首先,計算文檔屬於侮辱性文檔(class=1)的概率:p_abusive,即P(1)。因爲這是一個二類分類問題,所以可以通過1-P(1)得到P(0)。對於多於兩類的分類問題,則需要對代碼稍加修改。
計算P(Wi | C0)和P(Wi | C1),需要初始化程序中的分子變量p0vect/p1vect和分母變量p0Denom/p1Denom。在for循環中,要遍歷訓練集train_mat中的所有文檔。每次某個詞語(侮辱性或非侮辱性)在某一文檔中出現,則該詞在向量p0vect或p1vect對應的位置數值加一,而且在所有的文檔中,該文檔的總次數p0Denom或p1Denom也相應加1。對於兩個類別都需要進行同樣的計算處理。最後,對每個元素除以該類別中的總次數。
結果:
4.3:測試算法:根據現實情況修改分類器
利用貝葉斯分類器對文檔進行分類時,要計算多個概率乘積以獲得文檔屬於某個類別的概率,即計算p(W0|1)p(W1|1)p(W2|1)。
問題一:如果其中的一個概率值爲0,那麼最後的乘積也爲0。

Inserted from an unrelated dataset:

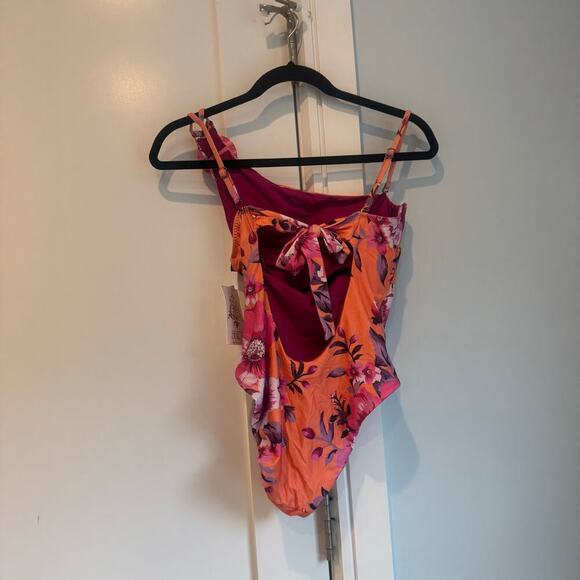 Becca by Rebecca Virtue Full Bloom Arabella Asymmetrical One-Piece Multi S NWT - Picture 12 of 16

爲降低這種影響,可以將所有詞的出現數初始化1,並將分母初始化爲2.
p0vect.resize(train_mat[0].size(),1);//the frequency of each word in non-absusive docs
p1vect.resize(train_mat[0].size(),1);//the frequency of each word in abusive docs
float p0Denom = 2.0; //the total number of words in non-abusive docs
float p1Denom = 2.0; //the total number of words in abusive docs
問題二:下溢出。這是由於太多很小的數相乘造成的。當計算乘積p(W0|Ci)p(W1|Ci)p(W2|Ci)....p(Wn|Ci)時,由於大部分因子都非常小,所以程序會下溢出或者得到不正確答案。在代數中有ln(a*b) = ln(a) + ln(b),於是通過對數可以避免下溢出或者浮點數舍入導致的錯誤。同時,採用自然對數進行處理不會有任何損失。自然ln不會影響函數的單調性。

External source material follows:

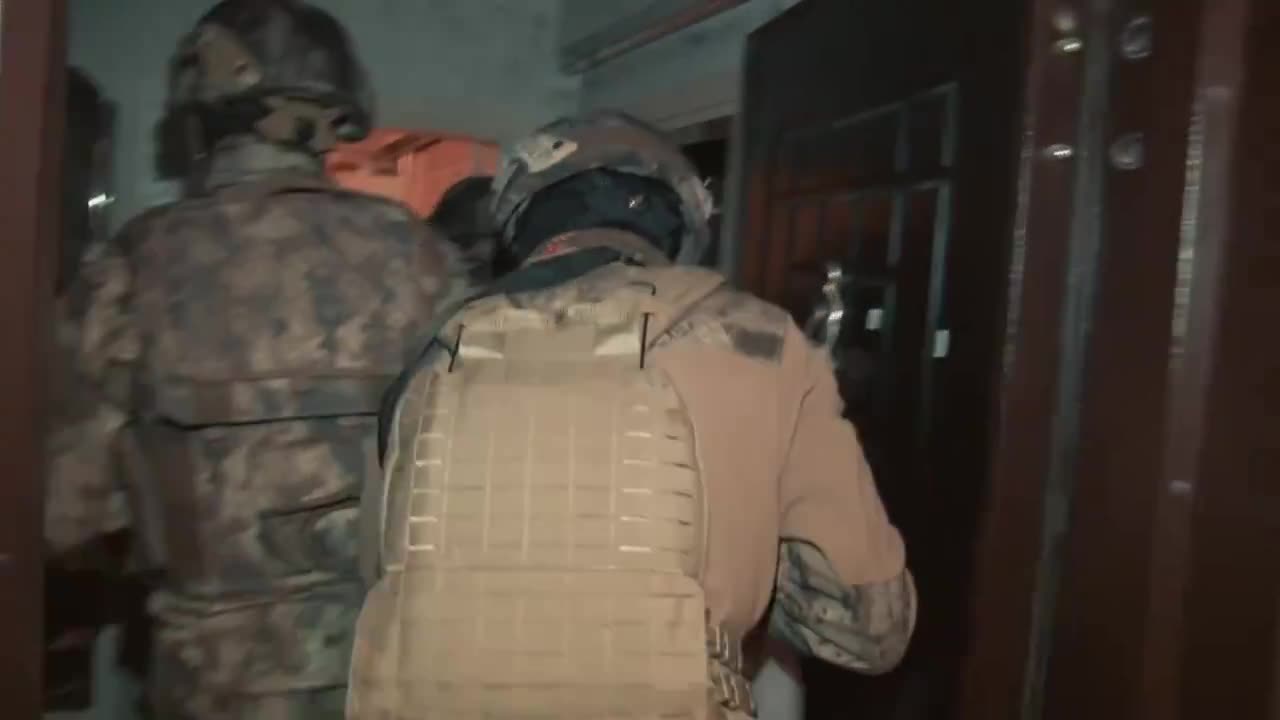 Bakan Yerlikaya: "14 ildeki KALKAN-22 operasyonlarında göçmen kaçakçılığı organizatörü 37 şüpheli tutuklandı"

p0vect[i] = log(p0vect[i]/p0Denom);
p1vect[i] = log(p1vect[i]/p1Denom);
萬事俱備,已經可以開始構建完整的分類器了。
4-3:樸素貝葉斯分類函數:
/*
* code list 4-1 : transfer func from docs list to vocabulary list
* code list 4-2 : training func on Naive Bayes Classifier
* add code list 4-3 : naive bayes classify function
* */
#include<iostream>
#include<map>
#include<set>
#include<cmath>
#include<vector>
#include<algorithm>
#include<numeric>
#include<cstring>
#include<stdio.h>
#include<cstdlib>
using namespace std;
string posting_list[6][10]={
{"my","dog","has","flea","problems","help","please","null"},
{"maybe","not","take","him","to","dog","park","stupid","null"},
{"my","dalmation","is","so","cute","I","love","him","null"},
{"stop","posting","stupid","worthless","garbage","null"},
{"mr","licks","ate","my","steak","how","to","stop","him","null"},
{"quit","buying","worthless","dog","food","stupid","null"}
};
int class_vec[6] = {0,1,0,1,0,1}; //1 is abusive ,0 not
class NaiveBayes
{
private:
vector< vector<string> > list_of_posts;
vector<int> list_classes;
map<string,int> my_vocab_list;
int *return_vec;
vector< vector<int> > train_mat;
vector<float> p0vect;
vector<float> p1vect;
float p_abusive;
public:
NaiveBayes()
{
vector<string> vec;
for(int i=0;i<6;i++)
{
vec.clear();
for(int j=0;posting_list[i][j]!="null";j++)
{
vec.push_back( posting_list[i][j] );
}
list_of_posts.push_back( vec );
}
for(int i=0;i<sizeof(class_vec)/sizeof(class_vec[0]);i++)
{
list_classes.push_back( class_vec[i] );
}
}
void create_vocab_list()
{
vector< vector<string> > :: iterator it = list_of_posts.begin();
int index = 1;
while( it!=list_of_posts.end() )
{
//vector<string> vec( *it.begin(),*it.end() );
vector<string> vec = *it;
vector<string> :: iterator tmp_it = vec.begin();
while( tmp_it!=vec.end() )
{
//cout<<*tmp_it<<" ";
if( my_vocab_list[*tmp_it] == 0 )
{
my_vocab_list[*tmp_it] = index++; //index is the location of the vovabulary
}
tmp_it++;
}
it++;
}
}//create_vocab_list
//set some one word to vec with 0 and 1.
void set_of_words_to_vec(int idx)
{
cout<<"set of words to vec begin the document id is : "<<idx<<endl;
int len = my_vocab_list.size()+1;
return_vec = new int[ len ](); //pay attention to the difference between "new int[len]". initalize all the element to zero.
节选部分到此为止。